» **INFORMATION**:

════

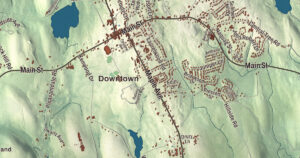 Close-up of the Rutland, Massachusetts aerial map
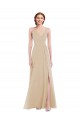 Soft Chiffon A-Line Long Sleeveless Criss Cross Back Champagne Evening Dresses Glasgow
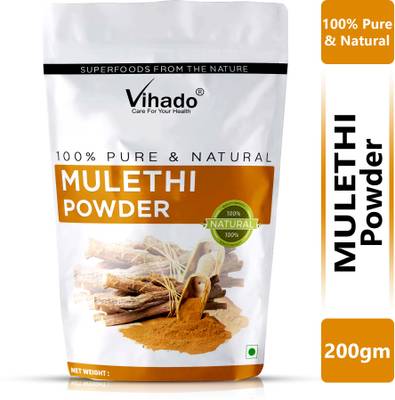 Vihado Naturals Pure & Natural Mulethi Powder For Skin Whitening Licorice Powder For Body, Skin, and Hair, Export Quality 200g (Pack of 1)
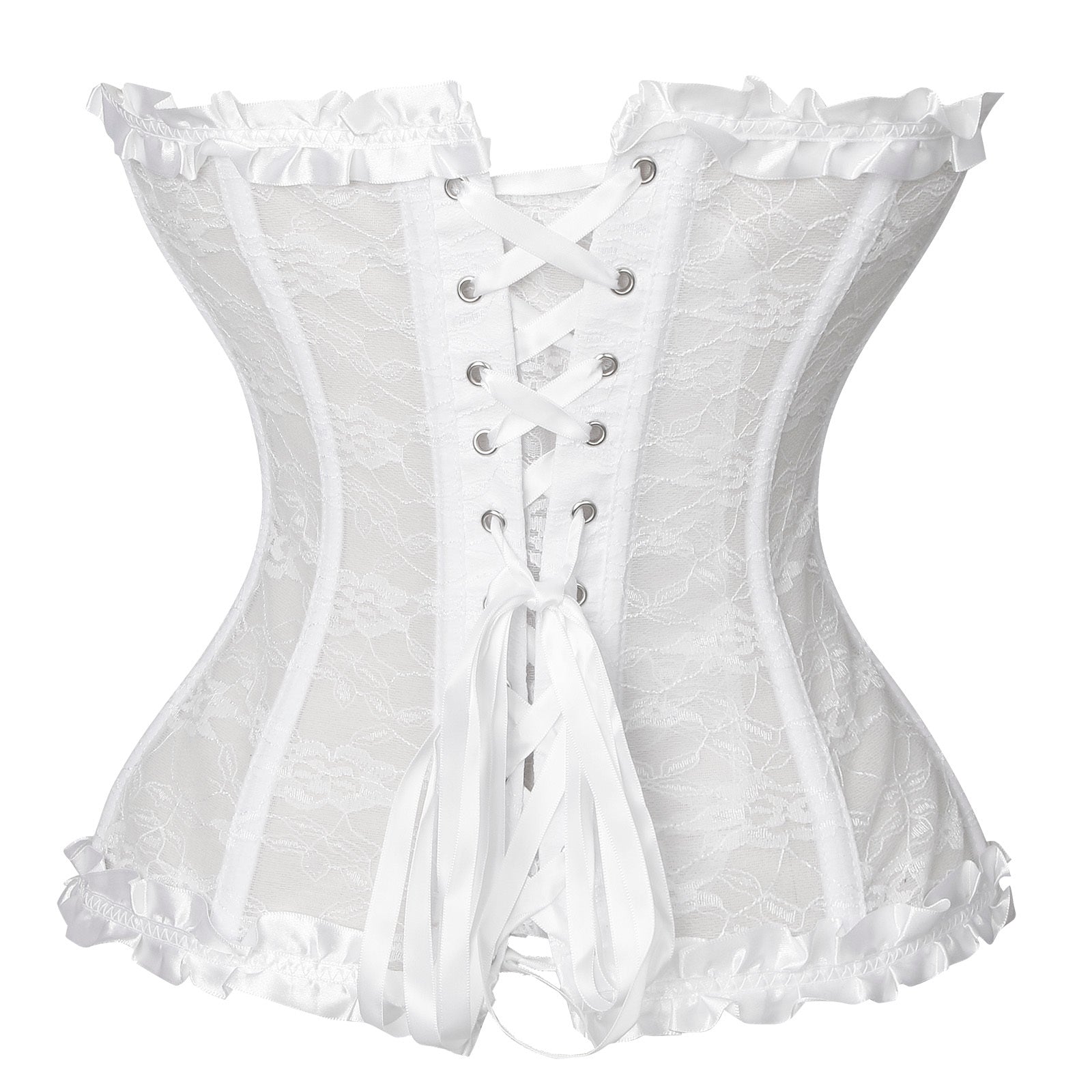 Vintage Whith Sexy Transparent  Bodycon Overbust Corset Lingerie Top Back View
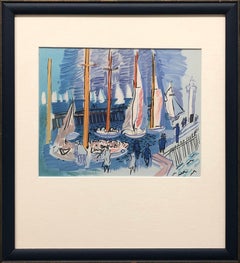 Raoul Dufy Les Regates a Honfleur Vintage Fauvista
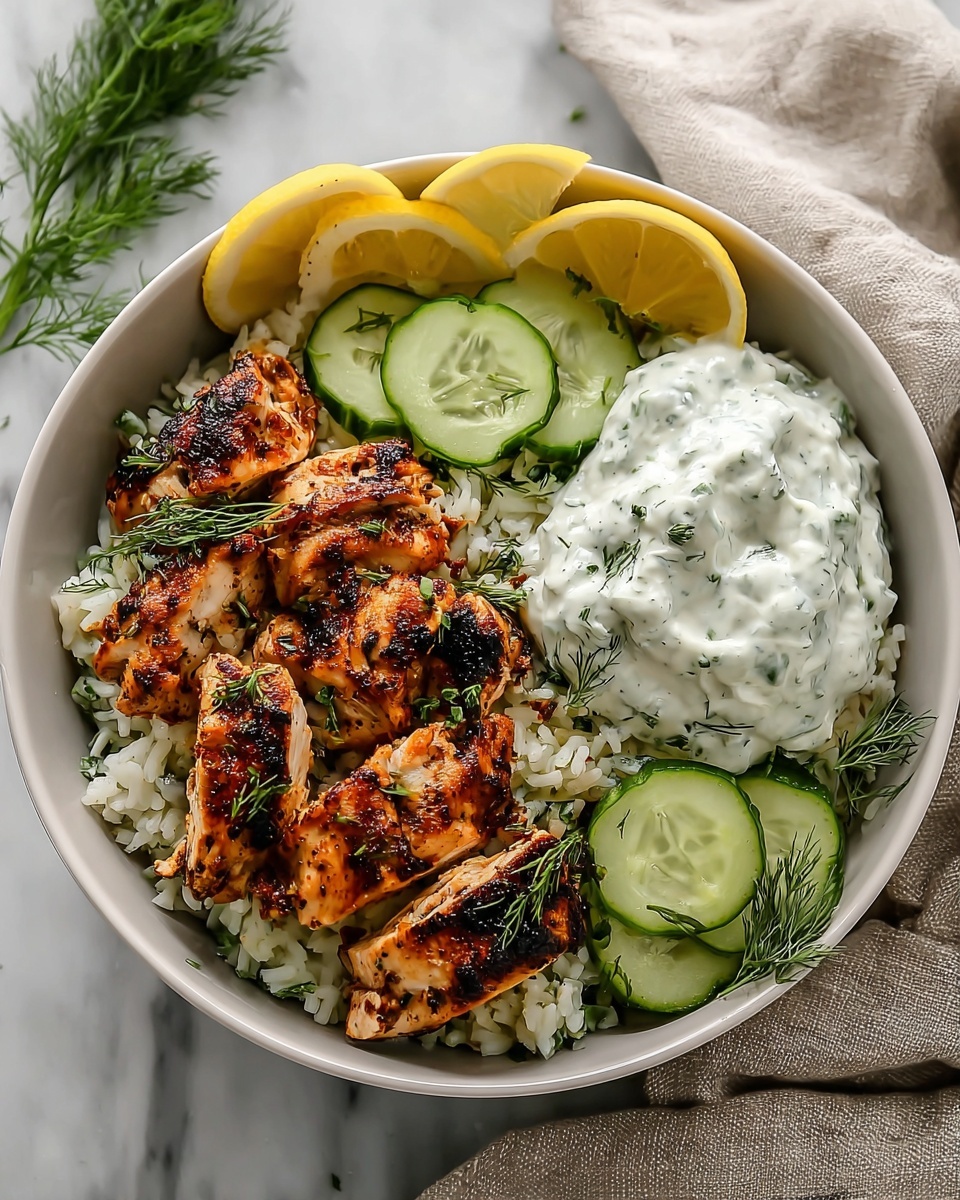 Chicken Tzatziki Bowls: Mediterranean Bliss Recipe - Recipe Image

════

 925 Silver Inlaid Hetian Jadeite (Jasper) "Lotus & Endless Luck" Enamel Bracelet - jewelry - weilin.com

════

» **EXERCISE BRIEF**: In the listing above, find the line containing "Vihado Naturals Pure" and the line containing "Chicken Tzatziki Bowls: Mediterranean", then output those two lines and everything between them exactly as written, without the images.

» **SOLUTION TO THIS EXERCISE**:
 Vihado Naturals Pure & Natural Mulethi Powder For Skin Whitening Licorice Powder For Body, Skin, and Hair, Export Quality 200g (Pack of 1)
 Vintage Whith Sexy Transparent  Bodycon Overbust Corset Lingerie Top Back View
 Raoul Dufy Les Regates a Honfleur Vintage Fauvista
 Chicken Tzatziki Bowls: Mediterranean Bliss Recipe - Recipe Image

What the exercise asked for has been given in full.